Published on
October 28, 2025

US Joins Germany, Canada, UK, France, and More in Hammering Ireland Tourism in 2025 as Visitor Numbers Drop Significantly due to economic uncertainties, rising operational costs, and shifting travel preferences. While Ireland has long been a popular destination for tourists from key international markets, 2025 has seen a noticeable decline in visitors from the United States, Germany, the UK, France, and Canada. This drop in tourist numbers has put immense pressure on the country’s tourism sector, highlighting the challenges businesses face as they struggle to recover from a series of economic hurdles. From rising accommodation costs to changing travel habits, these factors have collectively dampened Ireland’s tourism industry, leaving many operators bracing for a tough year ahead.

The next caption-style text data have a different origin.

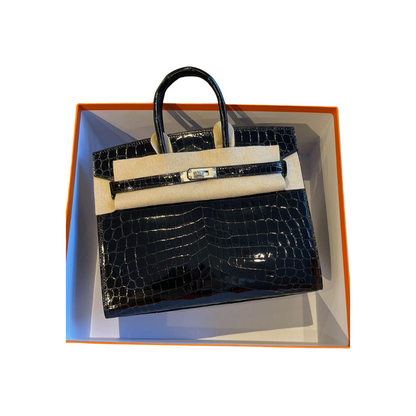 B25 Sellier black phw lisse alligator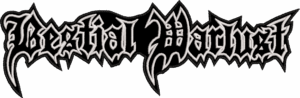 bestial warlust white logo back patch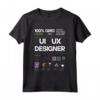 UI UX Designer Skills Caffè Vino - Maglietta divertente per Progettisti Web - Ideale come Regalo per Tecnologici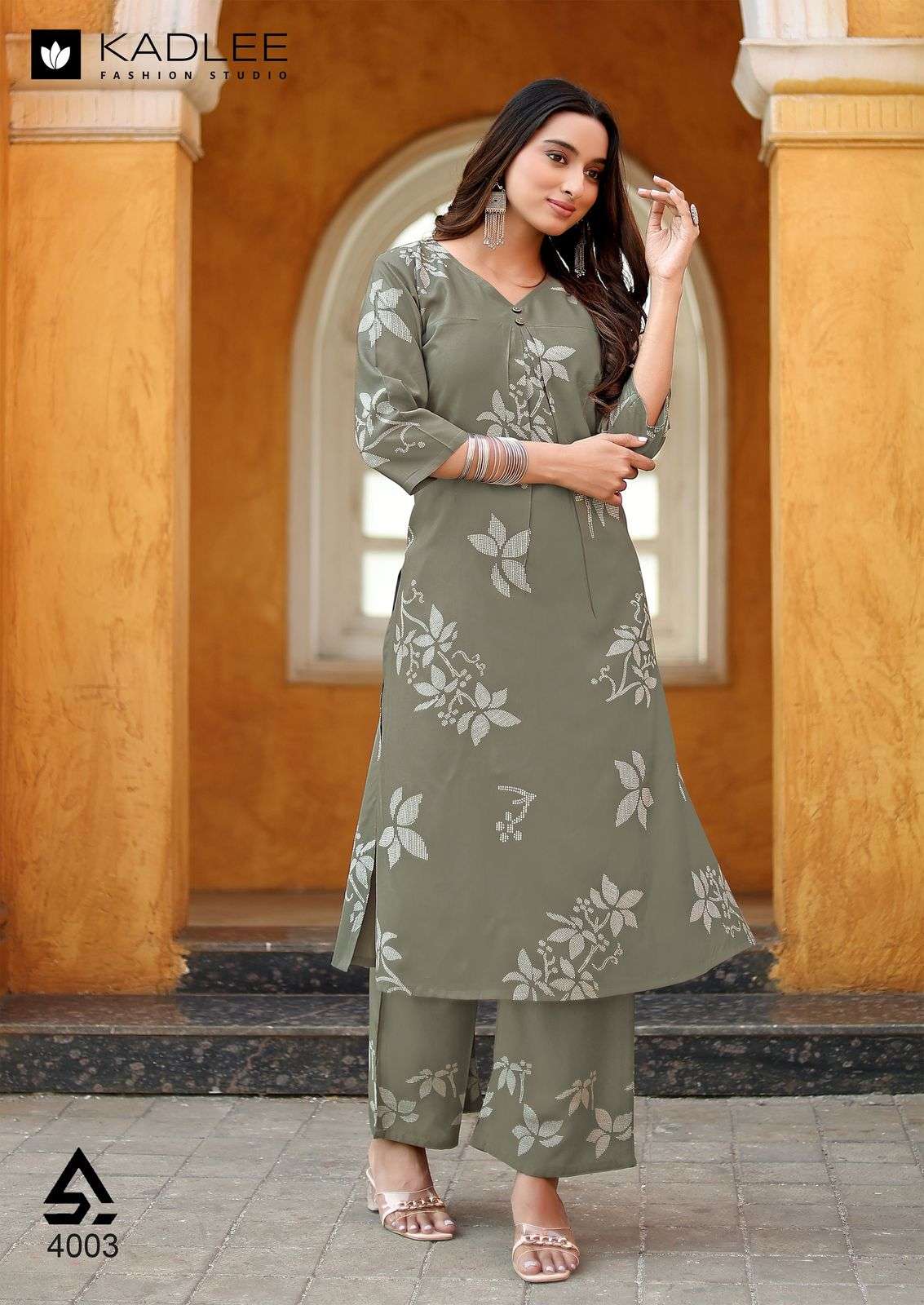 kadlee presents heer rayon readymade classic kurti with pant catalog wholesaler and exports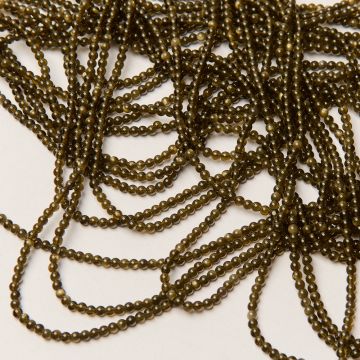 Obsydian złoty kulka gładka 3mm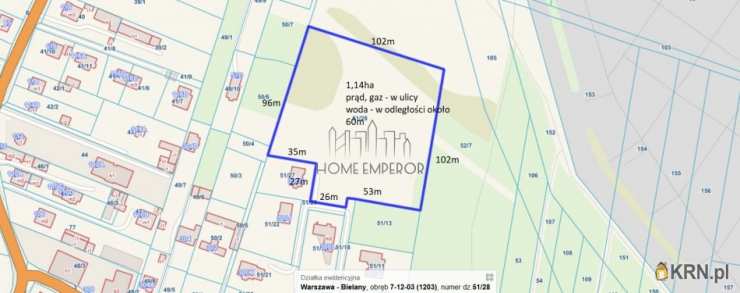 Działki  na sprzedaż, Warszawa, Bielany/Wólka Węglowa, ul. Wólczyńska, 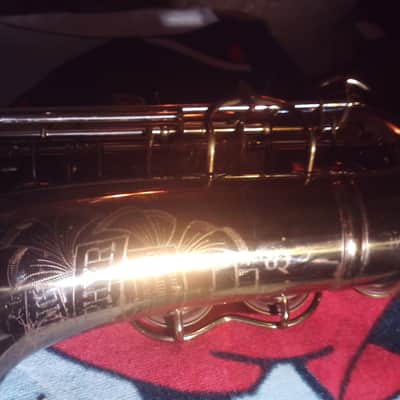 H.N. WHITE * ZEPHYR , ( KING ) ALTO AMAZING SAX ZEPHYR 1944 - BRASS image 1
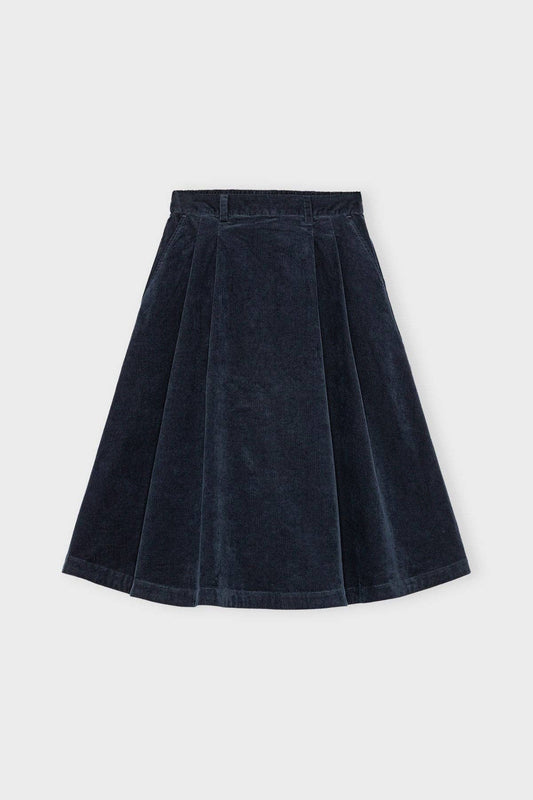 Poem skirt corduroy: Dark navy / XL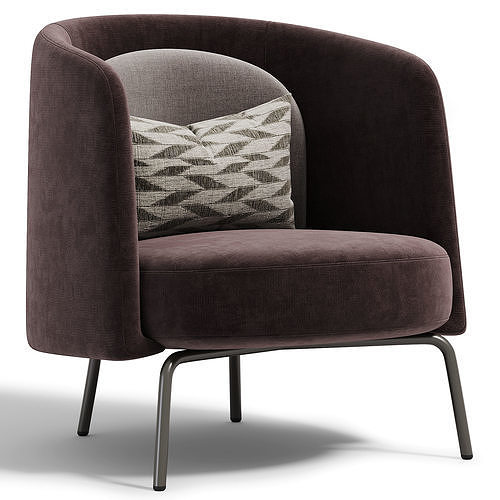 Armchair Ditre Italia Luci 3D model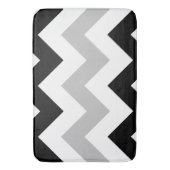 Breedzigzag Patroon Zwart, grijs en wit Badmat (Voorkant Verticaal)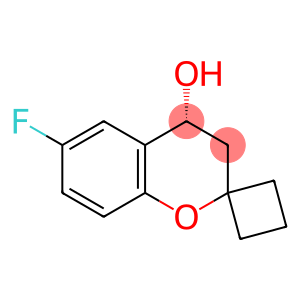 (4R)-6-fluoro-3,4-dihydrospiro[1-benzopyran-2,1''-cyclobutane]-4-ol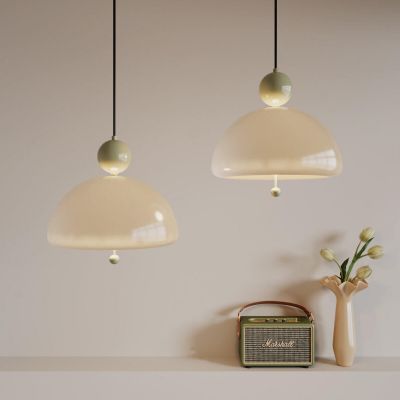 奶油风吊灯 蘑菇吊灯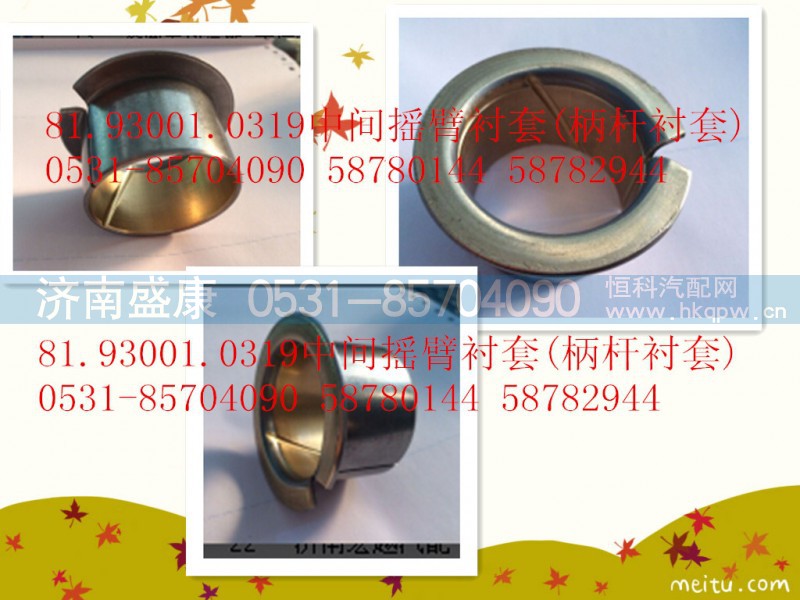 81.93001.0319,中间摇臂衬套(柄杆衬套),济南盛康汽车配件有限公司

Ireland’s tourism industry has long relied on key international markets such as the United States, Germany, the United Kingdom, and France. However, the latest figures for 2025 reveal a troubling trend for the Irish tourism sector as visitor numbers from several major markets have dropped significantly. The decline in tourism revenue is a result of multiple factors, including changing travel preferences, economic uncertainty, and the ongoing challenges posed by rising operational costs. As Ireland’s tourism businesses struggle to recover, they face a harsh reality: 2025 has been a year of stagnation, and the road to recovery is steeper than expected.
The Decline in Visitor Numbers from Key Markets
The decline in tourism from the United States, Germany, the United Kingdom, France, and other international markets has left a noticeable mark on Ireland’s tourism performance in 2025. According to Fáilte Ireland’s most recent survey, 44% of tourism businesses reported a decrease in revenue from North American tourists, while 48% experienced a similar decline from British visitors. German tourist numbers also fell by a significant 44%, and French spending dropped by 55%. This sharp reduction in arrivals from traditionally strong markets has raised serious concerns about the future of Ireland’s tourism industry.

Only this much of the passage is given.